By Terry Baucher*
They say “ignorance is bliss” but that is certainly not so with tax and most definitely not so when dealing with financial arrangements.
The financial arrangements regime represents one of the more curious conundrums in New Zealand’s tax system.
As Aaron Quintal of EY pointed out last week it is “the most pervasive” of the several specific regimes contained in the Income Tax Act which tax capital gains.
Yet despite having been around since 1986, the regime is largely unknown to the general public in my experience.
The financial arrangements regime apply to all “financial arrangements”.
These are broadly defined as any investment or financial instrument under which a person receives money in consideration for providing money to any person at a future time or on the occurrence or non-occurrence of an event.
The regime covers financial instruments such as bonds (both in New Zealand and overseas), forex contracts and other such derivatives, bank deposits and mortgages.
The general principle of the financial arrangements regime is to tax the economic return over the period the financial arrangement is held.
This capital/revenue distinction largely disappears so any gain will be taxed. However not all capital losses are tax deductible. Usually, a financial arrangement’s gain or loss for each year is calculated on an accrual basis (which is why the financial arrangements regime is sometimes called the “Accrual Rules”).
When a financial arrangement is disposed of, such as on maturity, or sale, a wash-up calculation is carried out (a “Base Price Adjustment”). This calculation compares the total return of the financial arrangement with the amounts treated as taxable income or deductible expenses in previous years. Any positive balance represents taxable income with any negative amounts usually being deductible.

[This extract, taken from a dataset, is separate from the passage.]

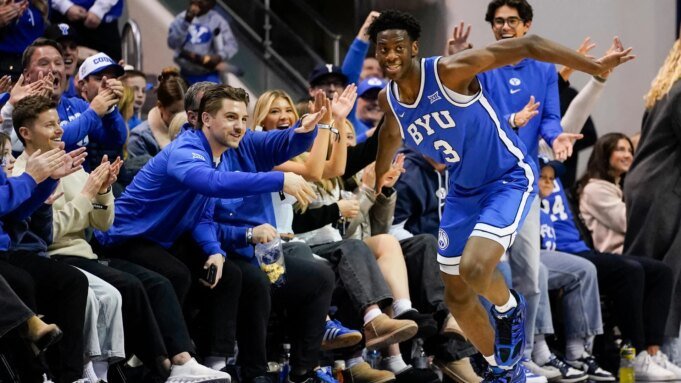 BYU 的 AJ Dybantsa、伊利諾伊州的 Keaton Wagler、休斯頓的 Kingston Flemings 都是新生歷史性的一天的明星
 | mtgamer.com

Fortunately, the requirement to calculate income and expenditure on an accrual basis doesn’t apply to the majority of taxpayers. A person doesn’t have to apply the financial arrangements regime where the total value of his or her financial arrangements never exceeds $1 million at any point during a tax year. Such persons are known as “cash basis persons” and return income and expenditure from financial arrangements on a receipts or “cash” basis. As this exemption covers the majority of taxpayers it is perhaps one reason why the financial arrangements regime is not more widely known and understood.
Where the risk is
Where many taxpayers are most at risk in not complying with their obligations is in respect of foreign exchange gains.

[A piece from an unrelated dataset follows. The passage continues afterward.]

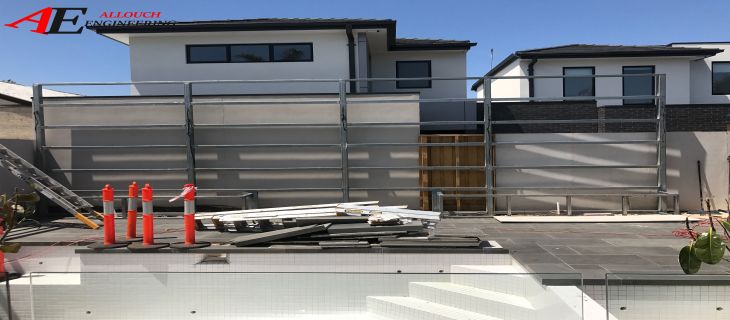 by Allouch Engineering the metal fabricators in Victoria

Consider the example of Maree who buys £20,000 of UK bonds yielding 4% in April 2013 when the exchange rate is 0.55. Her total cost is therefore $36,363. In November 2013 Maree receives interest income of $1,600 which she includes in her 2014 tax return. She then sells the bonds in October 2014 for £20,000 when the exchange rate is 0.48, realising $41,667.
Maree’s base price adjustment calculation is as follows:
|Amount received on sale||$41,667|
|Plus interest received||$1,600|
|Less income returned||-$1,600|
|Less purchase cost||-$36,363|
|Base price adjustment||$5,304|
Maree should therefore include $5,304 (effectively the foreign exchange gain) as income in her 2015 tax return.

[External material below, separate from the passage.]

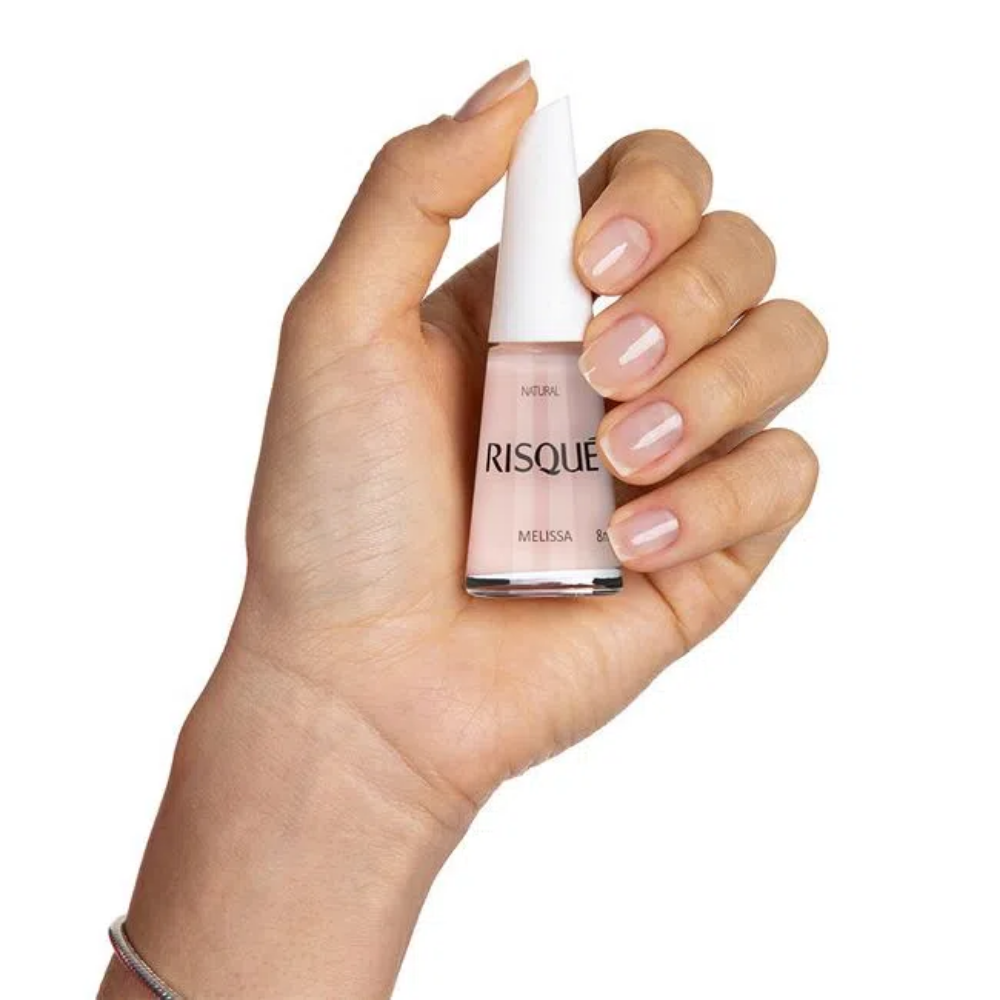 Esmalte Risqué Natural Melissa 8ml - Nude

Inevitably, Inland Revenue is busy reminding taxpayers of their financial arrangements obligations.
A tax on offshore unrealised capital gains
One specific initiative is in relation to the treatment of overseas currency denominated mortgages used to purchase overseas rental properties.
Although most taxpayers will be covered by the cash basis person exemption there is an important proviso to this rule. The exemption does not apply if the difference in taxable income between that under the cash basis and that calculated under an accruals basis is $40,000 or more.
For example, Peter has a London rental property with an interest only mortgage of £300,000. At 1st April 2011 based on an exchange rate of .4745 the mortgage’s NZ dollar value was $632,244. Peter has no other financial arrangements so as the value of his financial arrangements is below $1 million he should qualify as a cash basis person.
On 31st March 2012 the exchange rate is 0.5123 so the £300,000 mortgage is now valued at $585,594. Under the accruals basis Peter has made an unrealised gain of $46,750 and as this is above the $40,000 limit, he no longer qualifies as a cash basis person. He must therefore include the unrealised gain of $46,750 in his 2012 income tax return.
It’s probably faint hope for Peter that when he eventually sells the property and redeems the mortgage,the resulting Base Price Adjustment calculation will take into account any income previously returned.
I’m aware of several taxpayers like Peter who are currently being audited by Inland Revenue on this very issue.
The financial arrangements regime is indeed “pervasive” and anyone who has any investments which it could cover should be checking their tax position. Otherwise they could be in for a nasty surprise.